* Problem statement *
Repeat exactly, and only, the lines of the entries below from the one with "LP 25aw Baseball" through the one with "Sois toi-même - T-shirt", both ends included.

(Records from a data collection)
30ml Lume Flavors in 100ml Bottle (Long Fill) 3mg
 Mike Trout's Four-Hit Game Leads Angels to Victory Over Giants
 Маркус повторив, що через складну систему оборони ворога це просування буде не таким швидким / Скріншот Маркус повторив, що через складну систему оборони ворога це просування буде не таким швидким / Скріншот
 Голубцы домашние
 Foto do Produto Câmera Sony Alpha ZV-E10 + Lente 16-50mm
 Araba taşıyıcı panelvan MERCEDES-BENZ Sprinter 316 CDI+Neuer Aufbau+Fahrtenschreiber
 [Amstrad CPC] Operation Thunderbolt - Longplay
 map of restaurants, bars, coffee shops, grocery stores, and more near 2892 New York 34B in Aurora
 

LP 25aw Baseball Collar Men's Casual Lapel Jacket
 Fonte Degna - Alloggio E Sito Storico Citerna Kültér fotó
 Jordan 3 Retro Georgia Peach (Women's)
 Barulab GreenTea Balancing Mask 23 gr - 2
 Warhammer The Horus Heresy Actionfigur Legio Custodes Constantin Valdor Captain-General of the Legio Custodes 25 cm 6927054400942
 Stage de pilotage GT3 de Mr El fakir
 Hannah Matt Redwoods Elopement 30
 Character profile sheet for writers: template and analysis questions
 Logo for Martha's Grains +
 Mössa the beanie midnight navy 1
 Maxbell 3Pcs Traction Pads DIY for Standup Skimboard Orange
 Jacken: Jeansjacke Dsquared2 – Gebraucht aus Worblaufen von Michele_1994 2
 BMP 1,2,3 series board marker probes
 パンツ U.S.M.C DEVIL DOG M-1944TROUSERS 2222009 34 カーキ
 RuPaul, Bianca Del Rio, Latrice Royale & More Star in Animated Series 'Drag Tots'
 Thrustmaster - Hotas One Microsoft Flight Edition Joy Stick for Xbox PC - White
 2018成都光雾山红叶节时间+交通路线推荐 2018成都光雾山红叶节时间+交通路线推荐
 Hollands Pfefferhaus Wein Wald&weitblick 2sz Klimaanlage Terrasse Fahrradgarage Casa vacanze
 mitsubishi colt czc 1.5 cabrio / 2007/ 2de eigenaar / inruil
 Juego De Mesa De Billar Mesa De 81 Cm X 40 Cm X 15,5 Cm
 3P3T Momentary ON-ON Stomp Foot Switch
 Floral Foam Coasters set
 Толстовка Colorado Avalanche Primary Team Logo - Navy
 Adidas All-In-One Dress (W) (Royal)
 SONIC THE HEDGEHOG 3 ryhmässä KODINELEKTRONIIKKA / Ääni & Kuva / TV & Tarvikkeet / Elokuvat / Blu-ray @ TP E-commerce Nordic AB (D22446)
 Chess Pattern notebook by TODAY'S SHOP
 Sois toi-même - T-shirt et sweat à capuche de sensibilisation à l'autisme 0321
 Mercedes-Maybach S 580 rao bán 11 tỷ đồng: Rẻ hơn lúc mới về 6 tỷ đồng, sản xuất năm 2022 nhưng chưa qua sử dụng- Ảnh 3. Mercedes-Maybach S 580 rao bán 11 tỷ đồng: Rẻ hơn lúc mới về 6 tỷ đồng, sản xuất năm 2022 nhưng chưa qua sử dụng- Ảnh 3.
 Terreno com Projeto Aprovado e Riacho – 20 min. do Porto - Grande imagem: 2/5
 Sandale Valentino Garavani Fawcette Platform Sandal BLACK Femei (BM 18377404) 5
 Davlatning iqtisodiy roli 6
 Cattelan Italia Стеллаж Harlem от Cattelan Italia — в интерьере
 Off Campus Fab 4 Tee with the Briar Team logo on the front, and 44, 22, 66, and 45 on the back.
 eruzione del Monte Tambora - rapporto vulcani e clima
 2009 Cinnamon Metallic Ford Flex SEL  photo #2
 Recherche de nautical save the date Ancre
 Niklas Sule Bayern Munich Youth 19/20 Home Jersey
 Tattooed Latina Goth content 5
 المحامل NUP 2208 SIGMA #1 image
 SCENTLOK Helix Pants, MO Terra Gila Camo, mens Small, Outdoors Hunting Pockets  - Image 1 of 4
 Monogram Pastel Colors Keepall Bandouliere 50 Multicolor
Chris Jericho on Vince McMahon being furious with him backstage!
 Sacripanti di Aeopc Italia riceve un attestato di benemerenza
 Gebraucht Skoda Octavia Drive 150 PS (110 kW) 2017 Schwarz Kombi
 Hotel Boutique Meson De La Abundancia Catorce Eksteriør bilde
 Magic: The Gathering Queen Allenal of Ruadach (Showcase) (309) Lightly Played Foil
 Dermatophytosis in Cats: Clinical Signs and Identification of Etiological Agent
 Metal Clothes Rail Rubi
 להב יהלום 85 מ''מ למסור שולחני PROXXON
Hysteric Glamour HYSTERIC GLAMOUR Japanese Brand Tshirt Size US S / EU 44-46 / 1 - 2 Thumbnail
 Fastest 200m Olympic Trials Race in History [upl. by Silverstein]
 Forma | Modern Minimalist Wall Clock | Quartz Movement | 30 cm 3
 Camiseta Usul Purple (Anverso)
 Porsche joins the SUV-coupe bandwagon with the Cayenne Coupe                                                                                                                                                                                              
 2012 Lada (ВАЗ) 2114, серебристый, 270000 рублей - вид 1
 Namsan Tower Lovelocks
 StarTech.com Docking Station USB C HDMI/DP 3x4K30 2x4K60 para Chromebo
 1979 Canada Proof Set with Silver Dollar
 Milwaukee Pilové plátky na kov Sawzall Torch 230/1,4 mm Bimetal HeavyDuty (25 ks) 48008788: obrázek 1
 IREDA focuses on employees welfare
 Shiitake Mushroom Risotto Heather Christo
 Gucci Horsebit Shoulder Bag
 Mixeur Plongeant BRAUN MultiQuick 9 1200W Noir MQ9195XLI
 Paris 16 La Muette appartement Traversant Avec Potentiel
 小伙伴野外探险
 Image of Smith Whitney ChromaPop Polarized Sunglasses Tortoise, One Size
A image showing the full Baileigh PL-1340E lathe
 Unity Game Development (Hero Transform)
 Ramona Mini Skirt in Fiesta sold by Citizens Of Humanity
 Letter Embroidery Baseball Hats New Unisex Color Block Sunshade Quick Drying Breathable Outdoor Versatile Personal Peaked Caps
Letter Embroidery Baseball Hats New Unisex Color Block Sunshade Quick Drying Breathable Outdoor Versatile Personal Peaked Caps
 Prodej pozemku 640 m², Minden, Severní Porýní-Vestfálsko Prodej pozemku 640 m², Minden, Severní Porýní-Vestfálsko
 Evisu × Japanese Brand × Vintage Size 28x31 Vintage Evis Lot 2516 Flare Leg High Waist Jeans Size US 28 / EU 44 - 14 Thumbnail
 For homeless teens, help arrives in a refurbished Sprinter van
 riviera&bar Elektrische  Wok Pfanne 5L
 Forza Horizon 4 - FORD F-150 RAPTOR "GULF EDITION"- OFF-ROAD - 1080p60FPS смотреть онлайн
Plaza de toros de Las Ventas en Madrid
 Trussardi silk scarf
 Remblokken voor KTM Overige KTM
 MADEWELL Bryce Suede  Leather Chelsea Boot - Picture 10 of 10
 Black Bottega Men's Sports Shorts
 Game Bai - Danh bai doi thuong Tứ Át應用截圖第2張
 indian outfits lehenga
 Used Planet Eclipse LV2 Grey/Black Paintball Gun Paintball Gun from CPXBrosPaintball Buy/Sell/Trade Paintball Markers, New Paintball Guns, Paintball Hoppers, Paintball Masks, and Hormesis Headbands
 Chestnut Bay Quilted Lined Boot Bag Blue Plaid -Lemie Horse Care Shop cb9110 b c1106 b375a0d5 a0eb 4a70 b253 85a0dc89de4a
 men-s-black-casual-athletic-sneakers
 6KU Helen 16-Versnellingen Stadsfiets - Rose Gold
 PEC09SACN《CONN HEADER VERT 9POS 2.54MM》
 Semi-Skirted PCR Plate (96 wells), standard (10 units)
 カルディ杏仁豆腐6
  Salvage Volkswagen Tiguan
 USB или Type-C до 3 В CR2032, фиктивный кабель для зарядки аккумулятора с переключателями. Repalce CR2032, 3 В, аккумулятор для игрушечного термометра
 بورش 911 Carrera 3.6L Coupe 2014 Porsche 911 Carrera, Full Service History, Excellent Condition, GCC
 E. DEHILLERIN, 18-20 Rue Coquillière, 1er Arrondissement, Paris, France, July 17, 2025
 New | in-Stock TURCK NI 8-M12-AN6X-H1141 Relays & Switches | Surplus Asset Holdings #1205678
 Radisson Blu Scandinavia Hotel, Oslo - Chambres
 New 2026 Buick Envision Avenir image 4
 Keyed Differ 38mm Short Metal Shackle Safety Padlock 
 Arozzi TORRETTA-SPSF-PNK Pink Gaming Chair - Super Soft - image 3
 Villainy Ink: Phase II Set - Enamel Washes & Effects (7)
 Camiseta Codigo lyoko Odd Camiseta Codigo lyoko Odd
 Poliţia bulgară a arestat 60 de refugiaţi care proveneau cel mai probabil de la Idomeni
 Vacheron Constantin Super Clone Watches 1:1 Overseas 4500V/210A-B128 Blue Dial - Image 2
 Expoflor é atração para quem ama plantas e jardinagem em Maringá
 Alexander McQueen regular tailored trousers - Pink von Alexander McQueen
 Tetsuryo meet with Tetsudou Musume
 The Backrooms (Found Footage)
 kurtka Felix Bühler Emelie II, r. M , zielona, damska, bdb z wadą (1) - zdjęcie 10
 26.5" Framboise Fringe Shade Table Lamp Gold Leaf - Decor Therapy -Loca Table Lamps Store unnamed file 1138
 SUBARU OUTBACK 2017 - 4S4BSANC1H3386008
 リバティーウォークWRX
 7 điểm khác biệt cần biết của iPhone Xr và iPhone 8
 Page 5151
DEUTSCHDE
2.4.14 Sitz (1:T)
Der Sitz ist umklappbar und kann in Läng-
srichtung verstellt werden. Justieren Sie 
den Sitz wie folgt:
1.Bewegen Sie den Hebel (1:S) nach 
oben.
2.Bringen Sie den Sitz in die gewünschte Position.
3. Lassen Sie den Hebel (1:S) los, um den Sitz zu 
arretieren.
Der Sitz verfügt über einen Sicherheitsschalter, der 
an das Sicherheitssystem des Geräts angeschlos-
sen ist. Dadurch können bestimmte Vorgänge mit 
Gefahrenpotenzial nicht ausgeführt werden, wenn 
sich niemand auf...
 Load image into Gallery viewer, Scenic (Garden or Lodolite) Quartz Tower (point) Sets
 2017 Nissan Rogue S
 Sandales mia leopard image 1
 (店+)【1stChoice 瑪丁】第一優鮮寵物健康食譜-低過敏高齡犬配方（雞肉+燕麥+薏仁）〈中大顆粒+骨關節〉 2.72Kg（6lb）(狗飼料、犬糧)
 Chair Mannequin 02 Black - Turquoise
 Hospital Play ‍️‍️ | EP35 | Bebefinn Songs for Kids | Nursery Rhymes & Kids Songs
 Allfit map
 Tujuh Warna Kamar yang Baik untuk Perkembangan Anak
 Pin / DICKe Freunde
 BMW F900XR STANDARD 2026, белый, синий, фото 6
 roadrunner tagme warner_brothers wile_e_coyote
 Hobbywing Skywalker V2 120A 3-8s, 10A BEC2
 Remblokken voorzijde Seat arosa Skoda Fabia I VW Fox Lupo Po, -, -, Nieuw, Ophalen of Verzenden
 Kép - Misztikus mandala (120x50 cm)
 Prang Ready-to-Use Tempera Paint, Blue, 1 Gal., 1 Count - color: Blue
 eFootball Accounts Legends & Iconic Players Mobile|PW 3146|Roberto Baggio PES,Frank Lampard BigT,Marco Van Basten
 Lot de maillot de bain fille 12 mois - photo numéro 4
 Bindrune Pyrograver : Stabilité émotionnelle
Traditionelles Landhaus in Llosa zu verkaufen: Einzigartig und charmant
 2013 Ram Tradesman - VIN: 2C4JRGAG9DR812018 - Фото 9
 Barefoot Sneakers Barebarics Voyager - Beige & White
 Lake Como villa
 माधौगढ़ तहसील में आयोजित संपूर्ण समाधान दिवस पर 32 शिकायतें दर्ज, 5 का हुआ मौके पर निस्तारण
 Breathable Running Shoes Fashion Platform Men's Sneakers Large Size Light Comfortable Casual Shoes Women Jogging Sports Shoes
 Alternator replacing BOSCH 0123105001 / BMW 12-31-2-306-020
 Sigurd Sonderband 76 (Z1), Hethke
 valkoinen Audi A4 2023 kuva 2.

* Result *
LP 25aw Baseball Collar Men's Casual Lapel Jacket
 Fonte Degna - Alloggio E Sito Storico Citerna Kültér fotó
 Jordan 3 Retro Georgia Peach (Women's)
 Barulab GreenTea Balancing Mask 23 gr - 2
 Warhammer The Horus Heresy Actionfigur Legio Custodes Constantin Valdor Captain-General of the Legio Custodes 25 cm 6927054400942
 Stage de pilotage GT3 de Mr El fakir
 Hannah Matt Redwoods Elopement 30
 Character profile sheet for writers: template and analysis questions
 Logo for Martha's Grains +
 Mössa the beanie midnight navy 1
 Maxbell 3Pcs Traction Pads DIY for Standup Skimboard Orange
 Jacken: Jeansjacke Dsquared2 – Gebraucht aus Worblaufen von Michele_1994 2
 BMP 1,2,3 series board marker probes
 パンツ U.S.M.C DEVIL DOG M-1944TROUSERS 2222009 34 カーキ
 RuPaul, Bianca Del Rio, Latrice Royale & More Star in Animated Series 'Drag Tots'
 Thrustmaster - Hotas One Microsoft Flight Edition Joy Stick for Xbox PC - White
 2018成都光雾山红叶节时间+交通路线推荐 2018成都光雾山红叶节时间+交通路线推荐
 Hollands Pfefferhaus Wein Wald&weitblick 2sz Klimaanlage Terrasse Fahrradgarage Casa vacanze
 mitsubishi colt czc 1.5 cabrio / 2007/ 2de eigenaar / inruil
 Juego De Mesa De Billar Mesa De 81 Cm X 40 Cm X 15,5 Cm
 3P3T Momentary ON-ON Stomp Foot Switch
 Floral Foam Coasters set
 Толстовка Colorado Avalanche Primary Team Logo - Navy
 Adidas All-In-One Dress (W) (Royal)
 SONIC THE HEDGEHOG 3 ryhmässä KODINELEKTRONIIKKA / Ääni & Kuva / TV & Tarvikkeet / Elokuvat / Blu-ray @ TP E-commerce Nordic AB (D22446)
 Chess Pattern notebook by TODAY'S SHOP
 Sois toi-même - T-shirt et sweat à capuche de sensibilisation à l'autisme 0321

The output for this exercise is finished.